It’s only natural. Everyone does it.
Economics, that is. And free market economics, at that.
A national test given to high school kids in the US came back with some surprising results. According to a Wall Street Journal editorial, more than half believe that poverty is best reduced by economic growth - not government intervention. Given multiple choices and a supply curve chart, a plurality also believed that setting a price floor on chocolate would cause a chocolate surplus. Would these kids reach the same, logical conclusion if the test replaced the term “chocolate” with “labour”?
While about half of the kids fail at science and history, almost 80% passed the economics section of the test. That’s a pleasant surprise, for a non-mandatory subject. Where do they get this knowledge? Surely not from the media? Could it be (gasp) common sense?
The Wall Street Journal suggests a few politicians might like to take the test themselves. I’m thinking perhaps Congressional approval ratings lower than even those of George W Bush don’t need yet another knock.















C’mon, pro-business propaganda is relentless in the US, to the extent that to call some one a socialist is akin to calling them a sex offender.
Could it be that they picked up the ideas from the general cultural ambience, i.e. the fact that they’ve been brainwashed their entire lives?
America’s education system (or Hollywood, for that matter) is hardly pro-business. Given a choice, would they teach the moral lessons of Erin Brockovich or Sam Walton?
Either way, is demonstrably not pro-economics. Only a third of states require it. Yet the kids fail their history and science, but pass basic economics questions with flying colours.

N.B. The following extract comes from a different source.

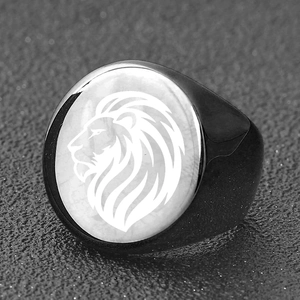 Macro shot of lion head engraving on vintage stainless steel signet ring band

But if what you say is true, why do I notice, wherever I go, that even people with minimal formal education, even in the poorest countries, work hard and trade for mutual benefit? They understand basic economics, though they’re clueless about science and history too. In conversations, why do so many of these people volunteer that the government’s sins of omission (property rights) or commission (intervention, graft) are to blame for many of their economic ills?